* _HOW TO COMPLETE THIS TASK_:
Every line in the listing below from the one with "Now we tuck" through the one with "I just got this" is to be reproduced exactly, both ends included; leave out the rest.

* _DATA RECORDS_:
-------
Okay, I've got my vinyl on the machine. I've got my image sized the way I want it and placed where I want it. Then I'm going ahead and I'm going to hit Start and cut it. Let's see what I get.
-------
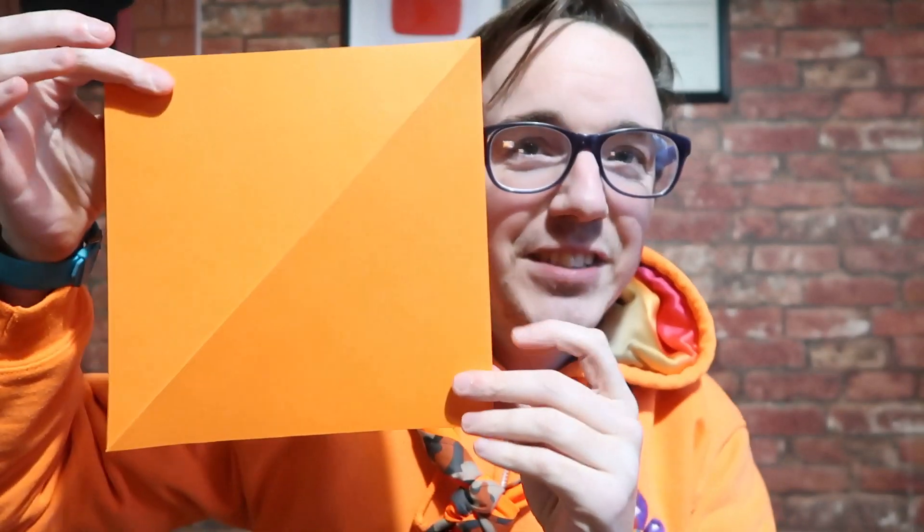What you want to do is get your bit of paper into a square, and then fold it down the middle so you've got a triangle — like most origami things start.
-------
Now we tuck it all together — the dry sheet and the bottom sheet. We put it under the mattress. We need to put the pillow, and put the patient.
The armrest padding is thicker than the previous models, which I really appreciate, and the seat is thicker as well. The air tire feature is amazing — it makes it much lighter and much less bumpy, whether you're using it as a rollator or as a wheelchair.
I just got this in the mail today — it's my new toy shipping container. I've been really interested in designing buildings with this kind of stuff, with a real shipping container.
-------
* _OUTPUT BELOW_:
Now we tuck it all together — the dry sheet and the bottom sheet. We put it under the mattress. We need to put the pillow, and put the patient.
The armrest padding is thicker than the previous models, which I really appreciate, and the seat is thicker as well. The air tire feature is amazing — it makes it much lighter and much less bumpy, whether you're using it as a rollator or as a wheelchair.
I just got this in the mail today — it's my new toy shipping container. I've been really interested in designing buildings with this kind of stuff, with a real shipping container.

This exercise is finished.